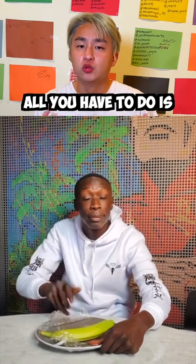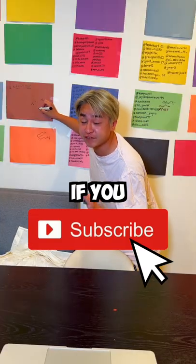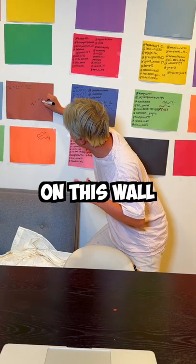Oh — all you have to do is rip off the tinfoil, and the banana is out. No way! That is so cool, guys. Don't forget, if you're subscribed, I'll write your name on this wall, so hurry up!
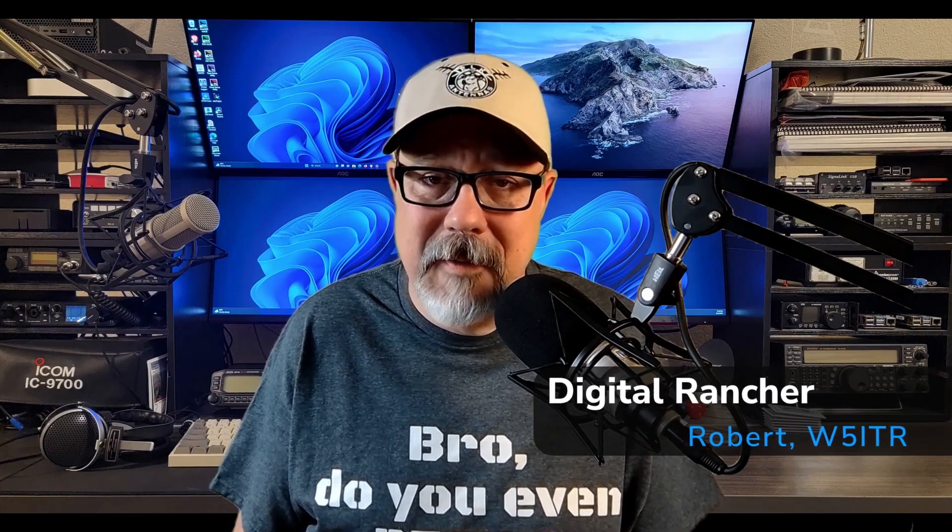Hey folks! Recently I've been contacted by a number of people with questions about my satellite setup, so I decided to put this video together and walk through my FM satellite rig. So for Red, Mike, Eric, Frank, Michael, Tim, and all the others who reached out through comments, Discord, or via email — this video is for you.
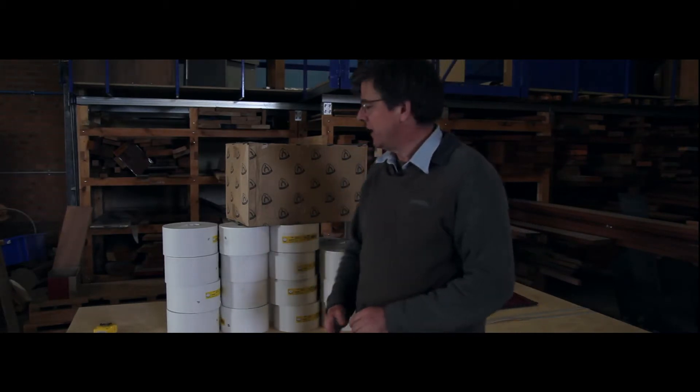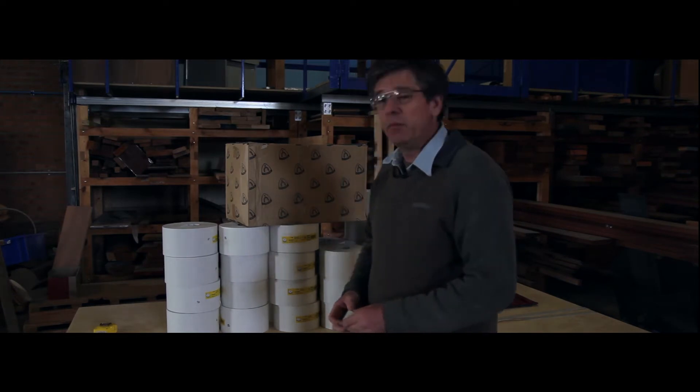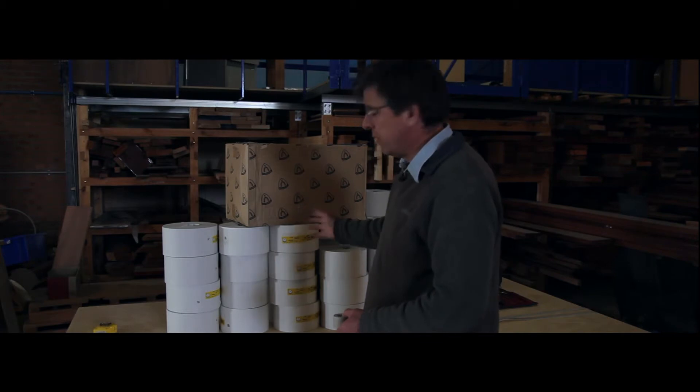G'day, it's Evan here. Today I've got to turn all this sandpaper into a whole bunch of these for our Macfarlane bow sanders. It's the Timber and Working the Wood Show coming up this weekend and I've been a bit slack, so it's a cold winter's day here in Canberra and I've got my work cut out for me.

━━━━━━━━━━━━━━━━━━━━━━━━━━━━━━

→ **Exercise**:
Your task is to retype the listing exactly, without its pictures.

→ **Exercise solution**:
Oh — all you have to do is rip off the tinfoil, and the banana is out. No way! That is so cool, guys. Don't forget, if you're subscribed, I'll write your name on this wall, so hurry up!
Hey folks! Recently I've been contacted by a number of people with questions about my satellite setup, so I decided to put this video together and walk through my FM satellite rig. So for Red, Mike, Eric, Frank, Michael, Tim, and all the others who reached out through comments, Discord, or via email — this video is for you.
G'day, it's Evan here. Today I've got to turn all this sandpaper into a whole bunch of these for our Macfarlane bow sanders. It's the Timber and Working the Wood Show coming up this weekend and I've been a bit slack, so it's a cold winter's day here in Canberra and I've got my work cut out for me.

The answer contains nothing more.